Top of LISTED RECORDS
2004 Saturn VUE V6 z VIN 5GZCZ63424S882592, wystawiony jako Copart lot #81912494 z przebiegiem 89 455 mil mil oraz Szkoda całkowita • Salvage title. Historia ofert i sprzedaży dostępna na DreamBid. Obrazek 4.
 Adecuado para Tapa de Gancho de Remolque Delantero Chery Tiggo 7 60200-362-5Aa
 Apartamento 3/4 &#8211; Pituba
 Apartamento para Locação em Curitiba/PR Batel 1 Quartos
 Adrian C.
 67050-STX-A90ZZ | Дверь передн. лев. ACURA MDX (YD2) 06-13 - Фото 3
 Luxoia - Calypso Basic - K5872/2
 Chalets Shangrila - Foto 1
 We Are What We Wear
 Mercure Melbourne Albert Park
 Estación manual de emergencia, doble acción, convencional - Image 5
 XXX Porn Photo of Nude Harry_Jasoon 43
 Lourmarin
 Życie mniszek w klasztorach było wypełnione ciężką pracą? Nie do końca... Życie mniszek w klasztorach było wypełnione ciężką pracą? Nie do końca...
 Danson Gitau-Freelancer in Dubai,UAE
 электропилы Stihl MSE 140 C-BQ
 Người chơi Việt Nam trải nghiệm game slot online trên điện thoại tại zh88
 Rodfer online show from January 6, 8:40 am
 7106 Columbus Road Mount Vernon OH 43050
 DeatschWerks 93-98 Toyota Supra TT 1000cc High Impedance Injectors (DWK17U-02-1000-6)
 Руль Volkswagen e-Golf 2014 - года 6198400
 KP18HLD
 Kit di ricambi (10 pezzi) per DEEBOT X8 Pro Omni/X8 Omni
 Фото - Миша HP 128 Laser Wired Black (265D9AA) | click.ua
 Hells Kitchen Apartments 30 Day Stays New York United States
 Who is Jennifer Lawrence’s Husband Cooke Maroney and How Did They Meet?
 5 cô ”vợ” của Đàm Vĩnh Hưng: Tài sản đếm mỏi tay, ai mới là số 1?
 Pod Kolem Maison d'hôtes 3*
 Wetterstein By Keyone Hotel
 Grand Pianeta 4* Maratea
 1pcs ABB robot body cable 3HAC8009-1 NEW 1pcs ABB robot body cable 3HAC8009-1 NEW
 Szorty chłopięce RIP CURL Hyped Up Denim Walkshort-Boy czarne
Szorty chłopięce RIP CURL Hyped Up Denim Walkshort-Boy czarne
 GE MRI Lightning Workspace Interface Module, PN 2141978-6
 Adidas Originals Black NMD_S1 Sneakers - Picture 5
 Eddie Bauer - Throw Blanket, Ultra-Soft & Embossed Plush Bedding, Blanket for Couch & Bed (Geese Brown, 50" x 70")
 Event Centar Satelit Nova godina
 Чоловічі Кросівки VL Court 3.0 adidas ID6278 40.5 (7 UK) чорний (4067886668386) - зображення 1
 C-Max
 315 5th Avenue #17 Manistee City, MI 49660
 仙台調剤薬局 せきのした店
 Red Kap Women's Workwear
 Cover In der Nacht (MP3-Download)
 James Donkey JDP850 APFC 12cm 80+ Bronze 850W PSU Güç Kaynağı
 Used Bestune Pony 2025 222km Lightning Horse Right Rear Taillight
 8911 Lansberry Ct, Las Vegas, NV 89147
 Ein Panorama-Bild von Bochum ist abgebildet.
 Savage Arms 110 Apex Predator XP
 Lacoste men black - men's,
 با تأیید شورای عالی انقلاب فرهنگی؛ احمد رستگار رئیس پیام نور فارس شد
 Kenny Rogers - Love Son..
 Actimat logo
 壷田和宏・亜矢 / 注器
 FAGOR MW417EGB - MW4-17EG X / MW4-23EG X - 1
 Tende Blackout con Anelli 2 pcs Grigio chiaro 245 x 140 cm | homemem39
Bottom of LISTED RECORDS
▶ _WHAT YOU WILL DO_: Using the records above, give the number of lines in which the word "Фото" occurs, and nothing else.

▶ _SOLUTION BELOW_: 2